Exercise brief: The listing below is to be duplicated exactly, with every picture omitted.

Recorded information:
┄┄┄┄┄┄
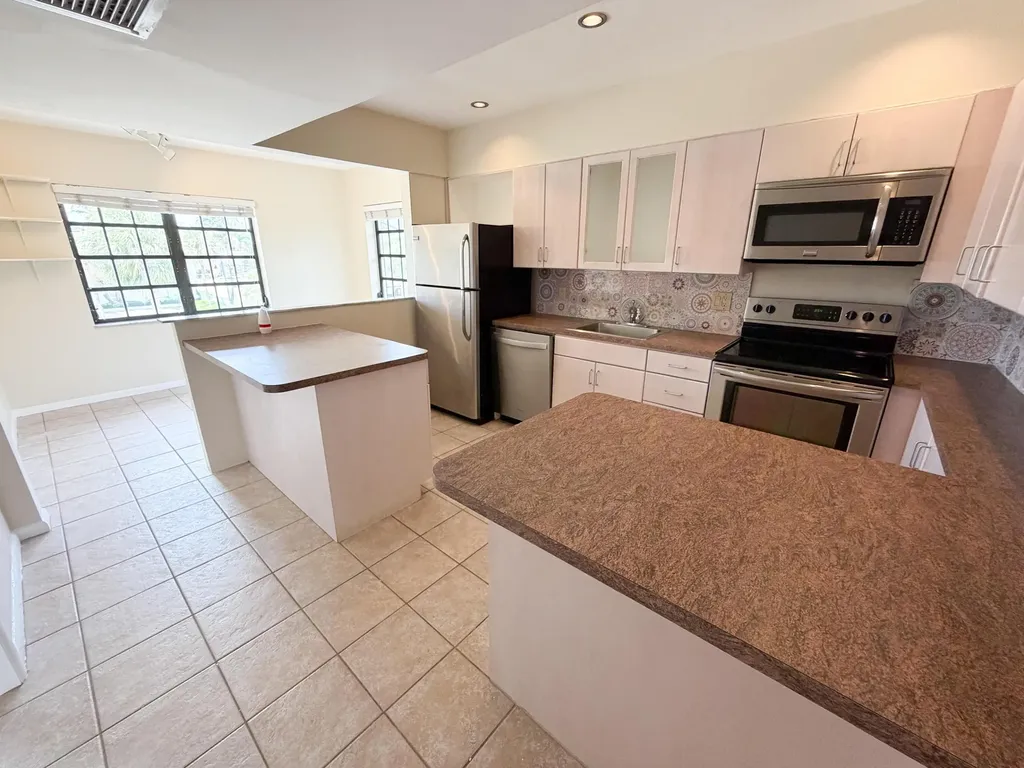 917 NE 16th Avenue Fort Lauderdale FL 33304
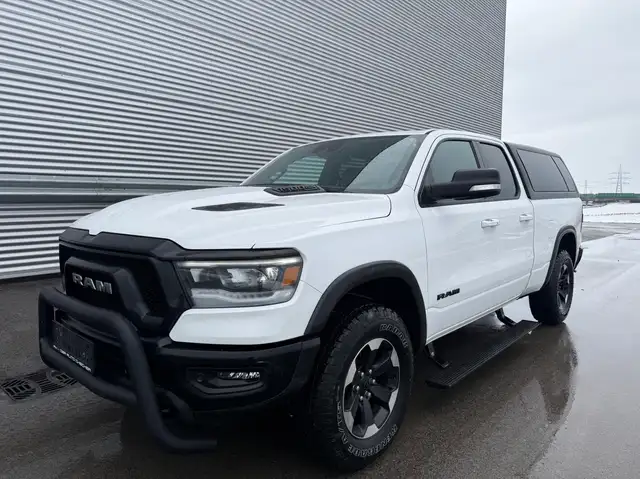 Dodge RAM 1500 Quad DK 5,7 HEMI Rebel ID:3 Ansicht 2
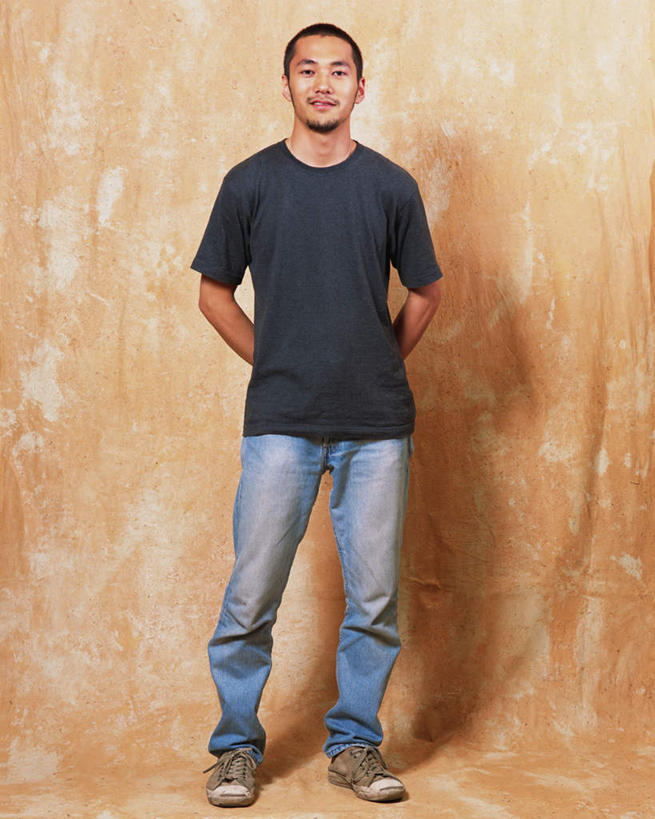 东方人,一个人,站,笑,微笑,竖图,室内,白天,正面,亚洲,仅一个男性,仅一个人,黄色背景,服装,注视,休闲装,黄种人,仅一个年轻男性,衣服,观察,看,站着,休闲,休闲服,摄影,服饰,影棚,观看,察看,关注,背手,男人,男性,年轻男性,亚洲人,彩图,全身,影棚拍摄,拍摄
┄┄┄┄┄┄
Written answer:
 917 NE 16th Avenue Fort Lauderdale FL 33304
 Dodge RAM 1500 Quad DK 5,7 HEMI Rebel ID:3 Ansicht 2
 东方人,一个人,站,笑,微笑,竖图,室内,白天,正面,亚洲,仅一个男性,仅一个人,黄色背景,服装,注视,休闲装,黄种人,仅一个年轻男性,衣服,观察,看,站着,休闲,休闲服,摄影,服饰,影棚,观看,察看,关注,背手,男人,男性,年轻男性,亚洲人,彩图,全身,影棚拍摄,拍摄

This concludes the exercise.